Resulta evidente que el país andino es una cartografía geográficamente bañada —pero también biológica, social, económica y culturalmente impregnada— por el océano, pues tiene más de 4.300 kilómetros de costa en el Pacífico y aún accede al Atlántico a través de la Tierra del Fuego, donde se unen estos dos grandes piélagos.
Por Claudio Rodríguez Fer
Publicado el 12.8.2025
Criado tierra adentro en Galicia, mi primera aproximación a los océanos fue literaria, cuando descubrí fascinado en la infancia las novelas de viajes y aventuras del escocés Robert Louis Stevenson, del neoyorquino Herman Melville y del bretón Jules Verne, los dos últimos literariamente vinculados a Chile.
Respectivamente, en Moby Dick se menciona la isla chilena Mocha, famosa por el cetáceo blanco que inspiró la novela, y Les Naufragés du Jonathan transcurre en las chilenas Tierra del Fuego e isla Hornos, cuyo Cabo de Hornos es el punto más austral de América.
Pero en la adolescencia empecé a aproximarme a los océanos de forma más lírica con la poesía de los chilenos Gabriela Mistral y Pablo Neruda y, ya en la juventud universitaria, con odiseas tan épicas como Os Lusíadas, del portugués Luís de Camões.
Leyendo a Jorge Luis Borges supe también entonces de las novelas marinas del navegante polaco-británico Joseph Conrad y del viajero indo-inglés Rudyard Kipling.
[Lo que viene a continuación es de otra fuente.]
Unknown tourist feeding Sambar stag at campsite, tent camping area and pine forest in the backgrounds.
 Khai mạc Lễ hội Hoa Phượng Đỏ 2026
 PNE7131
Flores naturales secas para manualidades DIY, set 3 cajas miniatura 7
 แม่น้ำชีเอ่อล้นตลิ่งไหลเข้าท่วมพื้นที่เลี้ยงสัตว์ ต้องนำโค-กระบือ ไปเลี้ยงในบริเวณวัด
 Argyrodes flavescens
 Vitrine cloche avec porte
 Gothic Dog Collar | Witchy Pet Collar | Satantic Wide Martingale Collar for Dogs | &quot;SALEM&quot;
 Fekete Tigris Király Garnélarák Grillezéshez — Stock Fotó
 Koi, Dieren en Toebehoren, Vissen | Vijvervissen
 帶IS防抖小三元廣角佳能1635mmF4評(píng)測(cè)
Y más tarde me interesé por la oceanografía a través de los famosos y ecológicos documentales del biólogo marino francés Jacques Cousteau.
Resulta evidente que Chile es un país geográficamente bañado pero también biológica, social, económica y culturalmente impregnado por el océano, pues tiene más de 4.300 kilómetros de costa en el Océano Pacífico y aún accede al Océano Atlántico en Tierra del Fuego, donde se unen estos dos grandes piélagos.
Además, cuenta con una costa muy variada, en la que abundan las playas, las bahías, los fiordos y las rías, lo que determina la importancia de su pesca, de su tráfico marítimo, de su investigación oceanográfica y hasta del turismo acuático que atrae.
Yo disfruté del espectáculo del Océano Pacífico por primera vez en la playa y el roquedal de Isla Negra, sobre los que tanto había leído en la poesía (Canto general, Memorial de Isla Negra) y en la prosa (Una casa en la arena, Confieso que he vivido) de Pablo Neruda y, a pesar de las altas expectativas con las que me acerqué a esa costa, desde luego no me decepcionó el «compañero océano», como lo llama en verso el poeta, en efecto «tan grande, desordenado y azul» como lo califica en sus memorias.
Y tampoco me decepcionaron la bahía y la ciudad de Valparaíso, gran anfiteatro marítimo de cuyos cerros cuelgan miles de casas mirando al Océano Pacífico.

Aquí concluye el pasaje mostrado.